Using relations of the type given in equation (2) we can write equation (1) as

\[ \text{exp}(iE_g t) \text{exp}(-iE_a t) + \text{exp}(iE_g t) \text{exp}(-i E_b t) \nonumber \]

This equation can be simplified by using the ground state as a reference by setting E_g = 0.

\[ \text{exp}(-iE_a t) + \text{exp}(-iE_b t) \nonumber \]

The excited states decay exponentially, but not necessarily with the same decay constant. The fraction of the atoms or molecules not decayed at time t is given by first‐order kinetics.

\[ \frac{A_t}{A_0} = \text{exp} (-k_a t) \nonumber \]
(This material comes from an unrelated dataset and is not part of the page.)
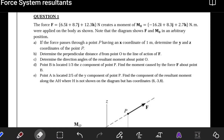Hi guys, welcome to another tutorial on moments about a point and about an axis. In this tutorial, we're going to look at this question which was requested by one of my students.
Thus, each term in equation (4) is weighted by the probability that state exists at time t.

\[ \text{exp}(-i E_a t) \text{exp}(-k_a t) + \text{exp} (-iE_b t) \text{exp}(-k_b t) \nonumber \]

The time‐dependence of the intensity of the emitted radiation is proportional to the square of the absolute magnitude of equation (6)
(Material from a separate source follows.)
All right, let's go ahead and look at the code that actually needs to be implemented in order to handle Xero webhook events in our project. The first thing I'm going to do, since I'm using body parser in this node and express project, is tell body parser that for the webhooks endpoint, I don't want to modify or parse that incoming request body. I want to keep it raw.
\[ \left| \text{exp} (-iE_a t) \text{exp} (-k_a t) + \text{exp}(-i E_b t) \text{exp} (-k_bt) \right|^2 \nonumber \]

The time‐dependence as calculated below for arbitrary values for the parameters clearly shows the oscillatory character of the intensity of the emitted radiation.

\[ \begin{matrix} E_a = 1 & k_a = .1 & E_b = 2 & k_b = .05 \end{matrix} \nonumber \]

\[ \text{Beat(t)} = \text{exp} (-i E_b t) \text{exp} (-k_b t) + \text{exp}(-i E_a t) \text{exp}(-k_a t) \nonumber \]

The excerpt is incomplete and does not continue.